This Wikipedia article makes me think Take No Prisoners publishing rights might be at Ubisoft. "Heretic 2, Hexen 2's expansion, SoF and Singularity are owned by Activision."
What makes you say this about Heretic 2 and Hexen 2's expansion? Also aren't you forgetting Soldier of Fortune magazine in the SoF case?
"Heretic, Hexen, Deathkings and Hexen 2 are owned by Zenimax."
Technically by id Software, but they are in turn owned by Zenimax so the ultimate decision makers are the same. But this MIGHT make a difference in so far as intermediate decision makers are concerned and interal politics at Zenimax.
"Also Wolfenstein 2009 is nowhere to be seen, so I suspect Zenimax and Activision are talking about that one. "
The Wolfenstein franchise belongs to id Software(hence ultimately under the control of Zenimax as you correctly note), in fact id Software LLC just filed some new Wolfenstein related trademark applications(likely in connection with the new Wolfenstein game, Wolfenstein: New Order in development at Machinegames. However Activision published Wolfenstein 2009.

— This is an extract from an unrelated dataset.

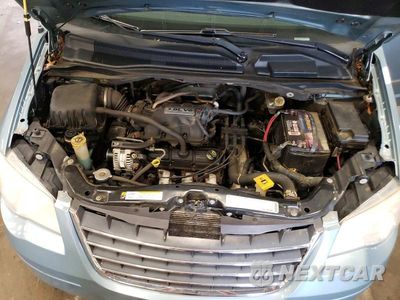Zdjęcie 12 z 13 samochodu: 2010 CHRYSLER TOWN & COUNTRY TOURING VIN:2A4RR5D1XAR183941 - miniatura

There is no specific reason to think that anyone else has those publishing rights. Unlike what some think(not accusing you of this misunderstanding, but I have seen it on the net) publishing rights don't automatically come along for ride so to speak when a development studio gets bought.
Publishing rights already signed away, need to be bought back in seperately negotiated deals between the acquiring company and those publishers, like Zenimax did with EA in the case of Rage. The Rage franchise never belonged to EA, id owned it so Zenimax got it as part of the deal when they acquired id. However the publishing rights were EA's. If Zenimax had wanted to they could have carried on the with the id-EA partnership. Such things happen all the time. However they opted to negotiate a buy back of the publishing rights with EA.
Similarly they ended up with the publishing rights for Quake 4 for Steam and Xbox 360(XBLA?). But I believe that may have been related to some contract expiration thing. Some like that happened with some XBLA/PSN game in an id franchise recently too.
So sure they may be interested in such a deal with Activision concerning Wolfenstein 2009 too, but until there any indications of anything else, we must assume that Activision Publishing Inc(a wholly owned subsidiary of Activision-Blizzard Inc) is the publisher of Wolfenstein 2009.
Publishing agreements are
complicated things. As are
Asset Purchase Agreements.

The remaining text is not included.